> [Exercise objective]: Only the lines from the one that contains "Outus 24 Pieces" through the last line of the data below should be duplicated, exactly and without pictures.

> [Input data]:
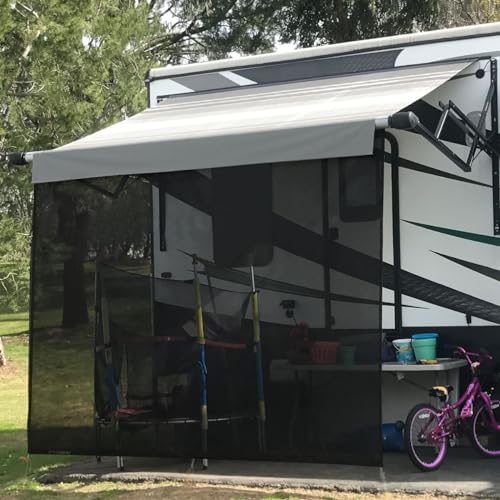 Shadeidea RV Awning Sun Shade Screen for Awning - 9' X 9' 5'' Black Mesh Sunshade Motorhome Camping Trailer UV Sunblocker Canopy Sunscreen - 3 Year Warranty - size: 9' 0'' x 9' 5'' -Actual Measurement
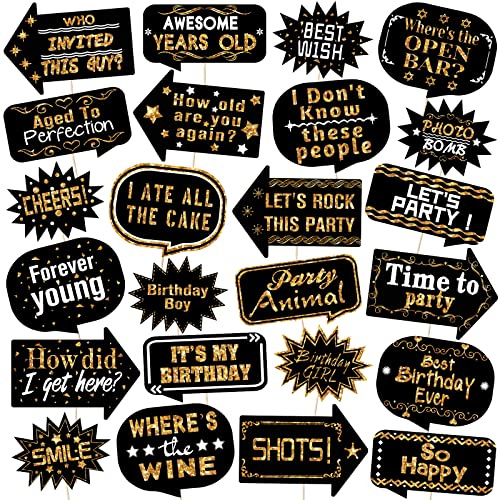 Outus 24 Pieces Photo Booth Props Birthday with Stick Happy Birthday Weddings Graduation Prom Bday Wedding New Year Party Supplies Funny Photo Booth Pose Signs Selfie for Men Women(White, Gold)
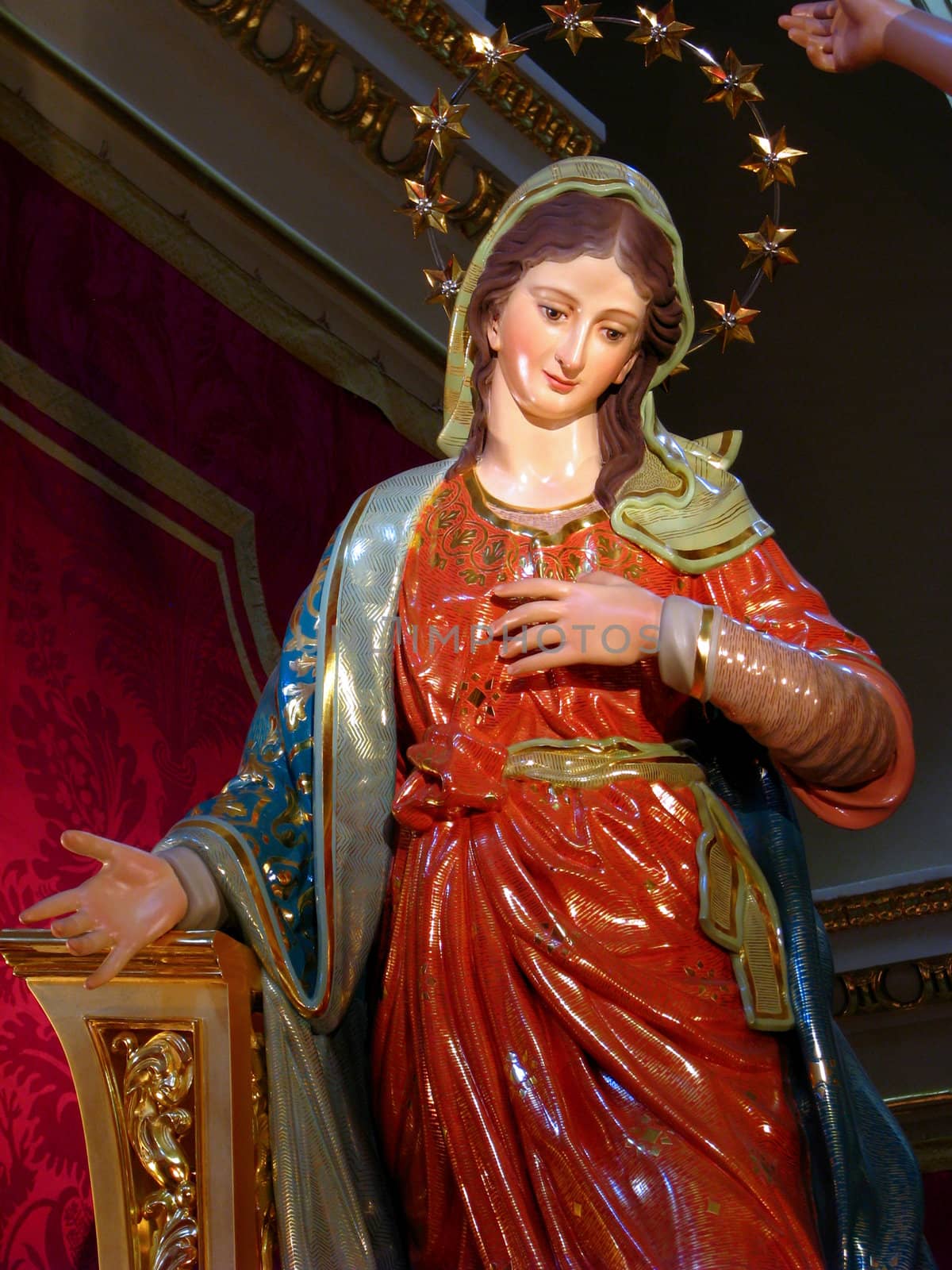 A detail of the statue representing The Annunciation of Our Lord in Tarxien, Malta.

> [Solution below]:
 Outus 24 Pieces Photo Booth Props Birthday with Stick Happy Birthday Weddings Graduation Prom Bday Wedding New Year Party Supplies Funny Photo Booth Pose Signs Selfie for Men Women(White, Gold)
 A detail of the statue representing The Annunciation of Our Lord in Tarxien, Malta.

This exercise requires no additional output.